Currently have an sg3 on my graco. We finish all our crown, base, wainscoting, and coffered ceilings on our own. We're not the finish carpenter trying to paint, we paint with fine finish X tips and provide a professional finish. Anyways I was curious as to if their is a gun more suitable for more fine finish as that is what we primarily spray. I can get the sg3 to lay out completely and give that high gloss glass finish, just didn't know if their was a better way. Thanks. Check my website if your curious. www.trimworxinc.com
:clap::thumbsup:


----------



## BC_Painter (Feb 14, 2010)

Jeff Trimworx Inc. said:


> Currently have an sg3 on my graco. We finish all our crown, base, wainscoting, and coffered ceilings on our own. We're not the finish carpenter trying to paint, we paint with fine finish X tips and provide a professional finish. Anyways I was curious as to if their is a gun more suitable for more fine finish as that is what we primarily spray. I can get the sg3 to lay out completely and give that high gloss glass finish, just didn't know if their was a better way. Thanks. Check my website if your curious. www.trimworxinc.com
> :clap::thumbsup:



Unless you're getting spits etc. or your hands are uncomfortable, then how flat it lays out is all about the pressure, tip and technique.

I can make a garbage gun lay paint beautifully if it doesn't spit. That being said, the Graco Contractor guns are the ones I typically find most comfortable, and re-build easily once it starts to plug up.

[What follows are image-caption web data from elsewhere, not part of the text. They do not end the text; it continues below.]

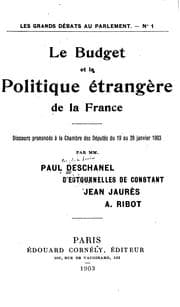 Tapa de Le Budget et la politique etrangere de la France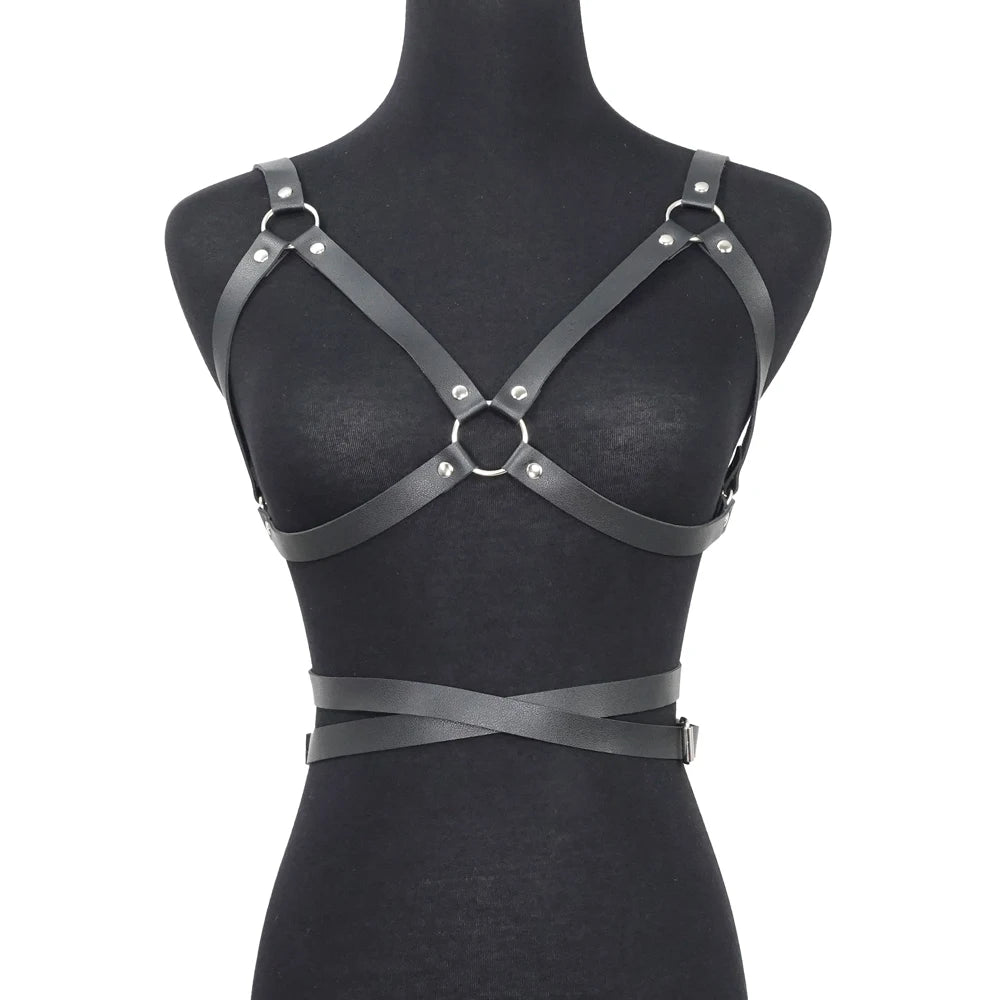 Women Fashion Punk Harness Belts Harajuku Chest Harness Corsett Belt Suspenders for Women Waist Belt Gothic Clothing Accessories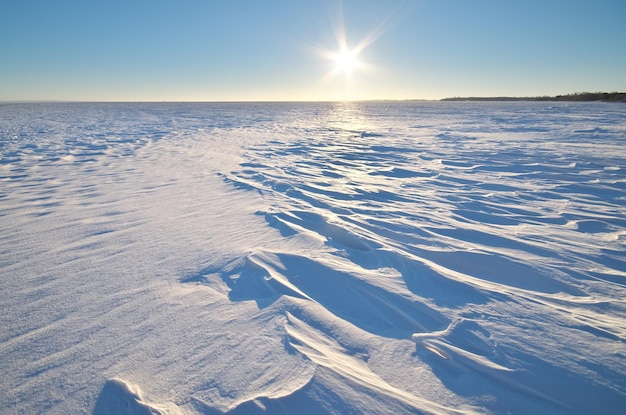 Winter landscape nature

Otherwise you're going with an air assisted set-up, which I don't find necessary for trim.


----------



## Lazerline (Mar 26, 2012)

I have both a Contractor FTx and an SG3 that I use and I like both but honestly my personal preference on the fine finish stuff like cabinets and such I usually use the SG3 just because it feels smaller and a bit more nimble for me. What can I say I have Dainty wrist.:blush:


----------



## slinger58 (Feb 11, 2013)

I believe in the old saying, "If it ain't broke, don't fix it". :thumbsup:


----------



## Epoxy Pro (Oct 7, 2012)

I have a couple SG3's and I like them. We are buying new guns and hoses this spring, the SG3's are fine so I may just get couple more of them. We have 6 spare guns that need rebuilding but the rebuild kits are almost as much as a new gun is.


----------



## PatsPainting (Mar 4, 2010)

My favorite is the sliver plus guns. They don't have inline filters in them but you can add them to the tip part really easy. Nice guns

Pat


----------



## Damon T (Nov 22, 2008)

The premium Titan gun is really nice. Don't know the name.


----------



## ReNt A PaInTeR (Dec 28, 2008)

Damon T said:


> The premium Titan gun is really nice. Don't know the name.


:notworthy:


----------



## elvinpe (Apr 21, 2021)

Jeff Trimworx Inc. said:


> Currently have an sg3 on my graco. We finish all our crown, base, wainscoting, and coffered ceilings on our own. We're not the finish carpenter trying to paint, we paint with fine finish X tips and provide a professional finish. Anyways I was curious as to if their is a gun more suitable for more fine finish as that is what we primarily spray. I can get the sg3 to lay out completely and give that high gloss glass finish, just didn't know if their was a better way. Thanks. Check my website if your curious. www.trimworxinc.com
> 👏👍


Graco Contractor is a hell of a Ratrod! Adjustable 2-4 finger trigger. Easily repacks. Generally as simple to clean as any. I LOVE mine!


----------